**ASSIGNMENT**
Your output should be everything below from the line containing "2 Simple Ways" down to the line containing "lente canon", both ends included, copied exactly, with pictures left out.

**SUPPLIED MATERIAL**
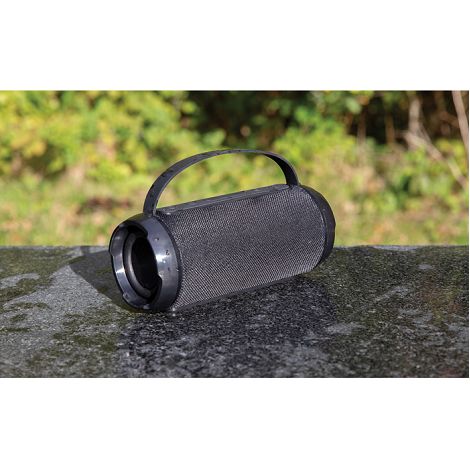  Enceinte étanche 6W Soundboom en plastique recyclé RCS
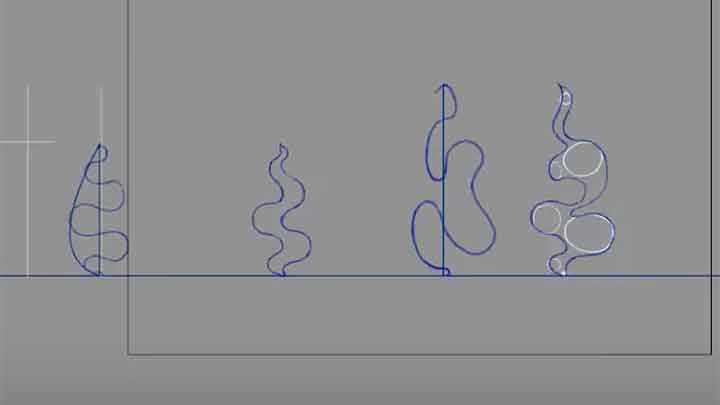 2 Simple Ways to Animate Traditional Animation Cycles - Lesterbanks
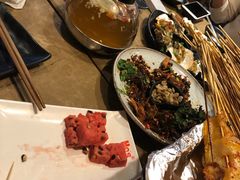 -何师烧烤Pro·30年老品牌·川菜·香辣蟹(太古里旗舰店)
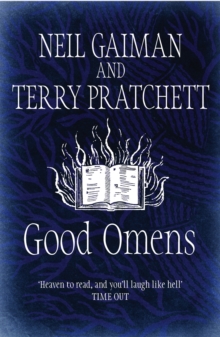 Good Omens, Hardback Book Good Omens, Hardback Book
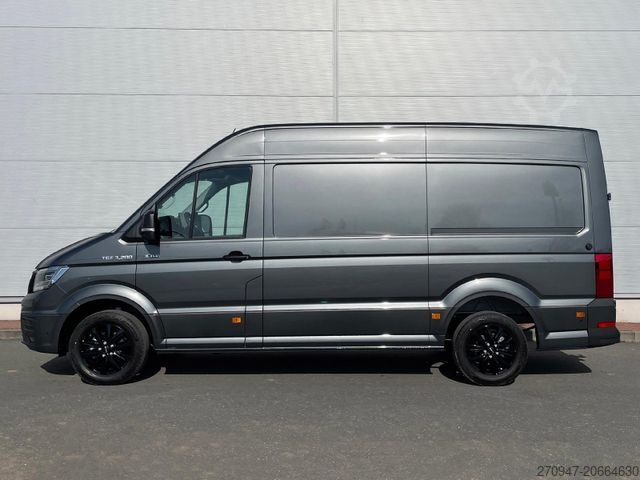 High top van MAN TGE 3.200 L3H3 Kasten 4x4 CAMPER DREHSITZE AHK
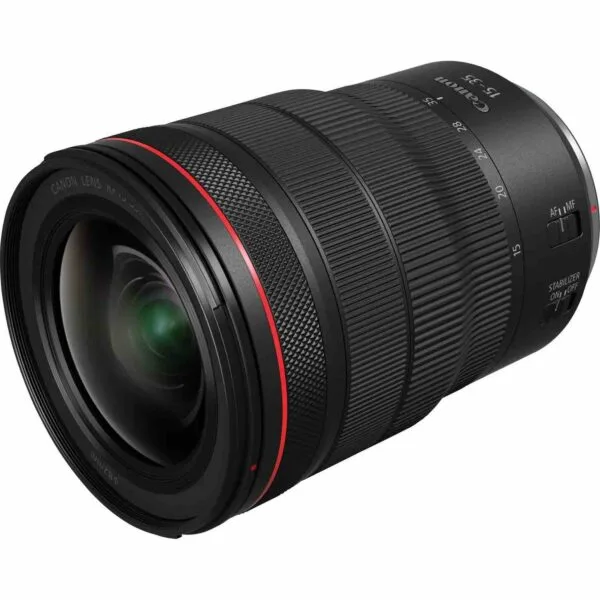 lente canon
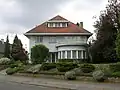 Modernistische interbellumvilla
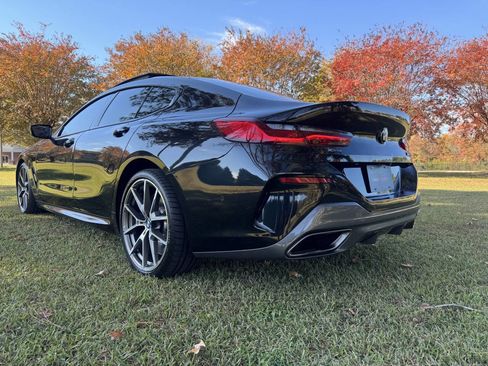 Used 2020 BMW M850i Gran Coupe xDrive image 9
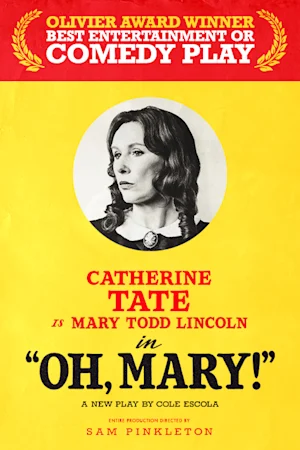 Oh, Mary! tickets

**OUTPUT OF THE TASK**
 2 Simple Ways to Animate Traditional Animation Cycles - Lesterbanks
 -何师烧烤Pro·30年老品牌·川菜·香辣蟹(太古里旗舰店)
 Good Omens, Hardback Book Good Omens, Hardback Book
 High top van MAN TGE 3.200 L3H3 Kasten 4x4 CAMPER DREHSITZE AHK
 lente canon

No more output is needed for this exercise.